Cloud Security

Cloud Cost Security: Preventing Cryptomining and Unexpected Bills

How attackers abuse compromised cloud accounts for cryptomining and other compute abuse — how to detect anomalous usage, set billing alerts, and use GuardDuty to catch cryptomining campaigns early.

November 15, 20258 min readShipSafer Team

In February 2020, a researcher discovered that Tesla's AWS Kubernetes cluster had been compromised and was running Monero mining software. The attackers had exploited an exposed Kubernetes dashboard to gain access, then used the cluster's compute capacity for cryptomining. The cluster's configuration minimized the cost impact, but the attack could have run up hundreds of thousands of dollars in compute charges.

Cloud accounts are increasingly valuable targets for cryptomining because they offer nearly unlimited compute capacity, can be billed to the victim, and the mining operation can remain profitable even after detection if the attacker can move to a new account or region.

How Cryptomining Attacks Work

Initial Access Methods

Exposed Credentials

The most common entry point is exposed AWS access keys or GCP service account keys. These leak through:

  • Code committed to public GitHub repositories
  • Hardcoded in environment variables logged by CI/CD systems
  • Left in Docker images published to Docker Hub
  • Exposed in .env files committed to public repos

Automated scanners like TroveHog, gitleaks, and purpose-built credential harvesters continuously monitor GitHub and Docker Hub for cloud credentials. A leaked key can be abused within minutes of appearing in a public repository.

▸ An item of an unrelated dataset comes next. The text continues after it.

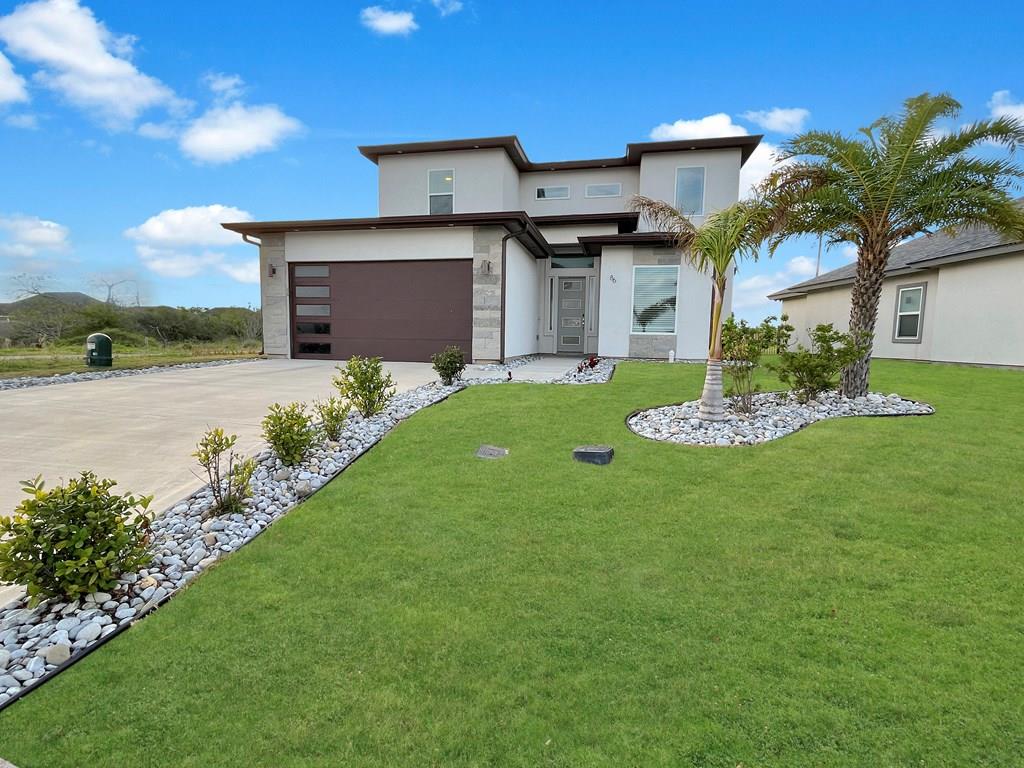 86 Bethpage Dr. — photo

Compromised EC2/GCE Instance Credentials

Instances with overly permissive IAM roles expose their credentials via the Instance Metadata Service. Server-Side Request Forgery (SSRF) vulnerabilities in web applications can be used to read metadata:

# SSRF attack targeting IMDS
curl http://169.254.169.254/latest/meta-data/iam/security-credentials/
# Returns the role name, then:
curl http://169.254.169.254/latest/meta-data/iam/security-credentials/MyRole
# Returns: AccessKeyId, SecretAccessKey, Token

Exposed Kubernetes Dashboards and APIs

Publicly accessible Kubernetes dashboards (the Tesla attack) or API servers without authentication allow attackers to deploy cryptomining pods directly.

The Cryptomining Playbook

Once attackers have cloud credentials, they follow a consistent playbook:

  1. Enumerate available regions and quotas to find where they can launch the most compute
  2. Increase service limits if possible (GPU instance limits are often low by default)
  3. Launch high-CPU or GPU instances in multiple regions simultaneously
  4. Install mining software (XMRig for Monero is most common due to its CPU efficiency and privacy properties)
  5. Persist by creating new IAM users/keys and rotating compromised credentials
  6. Exfiltrate mined currency to a wallet they control

A typical attack using p3.16xlarge (8x V100 GPU) instances running Ethereum mining could generate thousands of dollars of cloud charges per day while yielding hundreds of dollars in mining revenue — the economics work entirely in the attacker's favor because they're not paying the electricity or compute bills.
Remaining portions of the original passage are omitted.